Apparently, people have a lot of opinions about what you are and are not supposed to wear after the super-old-you-are-going-to-expire age of 30. From what I understand from the many articles and lists about what’s off limits, I guess dressing yourself after 30 is about finding that fine, fine line between co-ed and MILF, like sexy but not too sexy, attractive but not trying too hard, super confident but also age-appropriately modest. So basically just visible enough that you are still do-able vis á vis the male gaze without letting it get to your head — you hussy, who do you think you are!
But you know what is great about being a queer gal or boi? Not giving a hoot about social norms around what “respectable ladies” are supposed to look like. Because for many of us, that’s a completely unattainable goal. And “dressing for your age” is wrapped up in respectability politics that are classist and racist and dumb. Our shared experience of queerness is about being proud of our outsider status. We break all the fashion rules: whether that’s shopping in the boys and mens departments, putting hot clothes on fat bods, rocking alternative lifestyle haircuts, or wearing body glitter way past our tweens. We are communities who straddle multiple identities, who believe fiercely in celebrating individuality, and who don’t want to put anyone in a box. Because we’re awesome like that.
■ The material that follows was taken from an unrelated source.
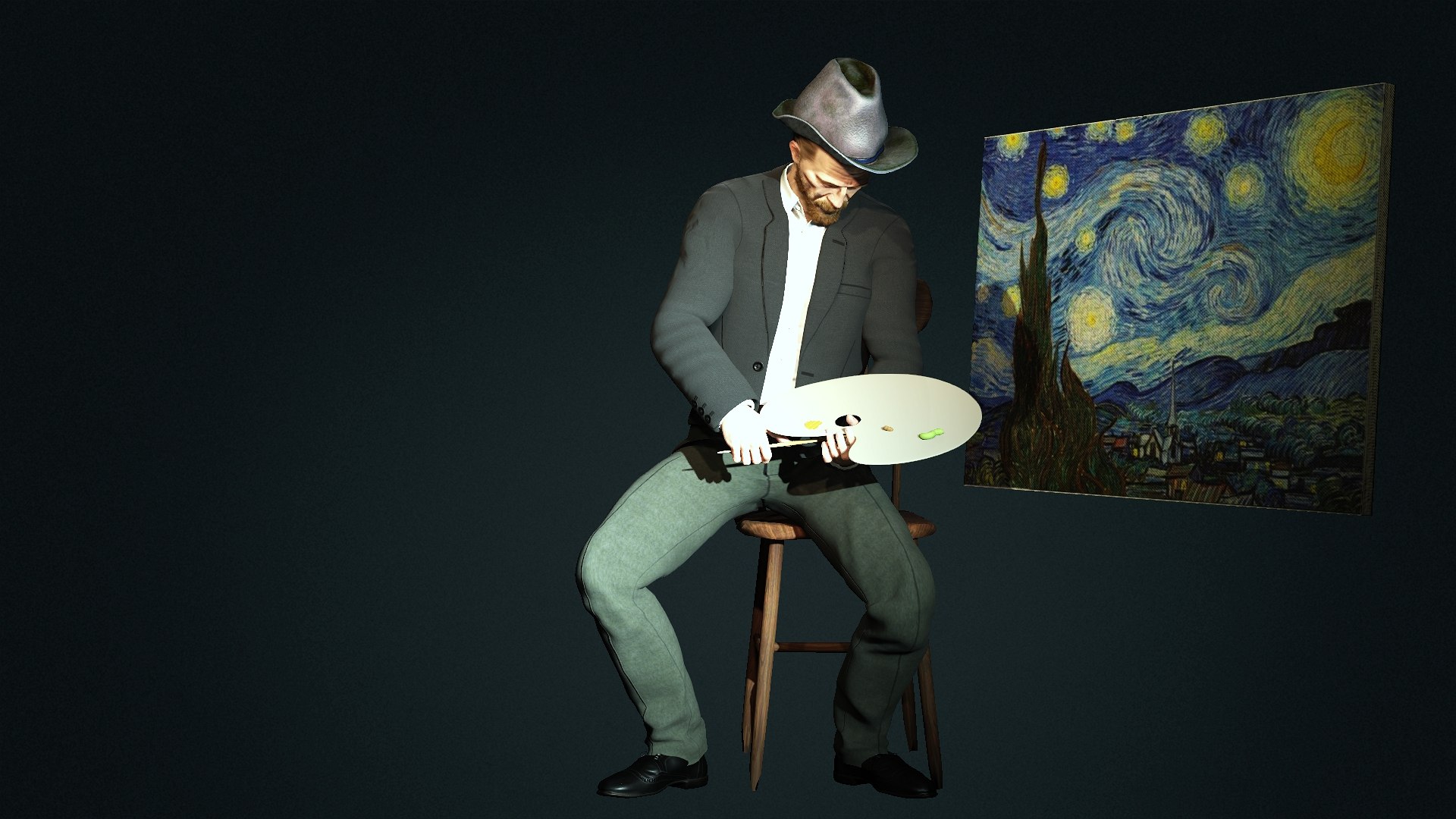 van Gogh 3D model https://p.turbosquid.com/ts-thumb/YU/2w516P/dQ/v2/jpg/1676915914/1920x1080/fit_q87/96537cd85ed86bc016c518335e9d20b93a33a131/v2.jpg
So in the spirit of queer fashion and queer life and love, here are my fashion tips for all you folks on the cusp of 30 or above (based on researching many “what not to wear” advice articles), with cameos from some of your favorite inspiration models.
1. Mismatched Socks and Novelty Socks

You know what’s great about mismatched socks? You don’t have to worry about matching your socks. Also, who cares? I mean, if I saw some babe (cough cough Stef cough) wearing drugs and Rosie socks AT THE SAME TIME, I’d definitely want to ask her for her number. Wouldn’t you? This person is guaranteed to be not boring and probably really sarcastic and funny, is what I’m saying.
2. Body Con Dresses

Um, I don’t want Laverne Cox to ever stop wearing body con dresses. I mean, unless she wants to which is fine because that’s her choice. But damn, at the young age of 31, she really slays in her curve-hugging sheath dresses. I hope she keeps wearing them until she’s 100 years old. Let’s all aspire to look so fine and grown-up chic.
3. American Eagle Jeans (or other fast fashion junior-sized brands)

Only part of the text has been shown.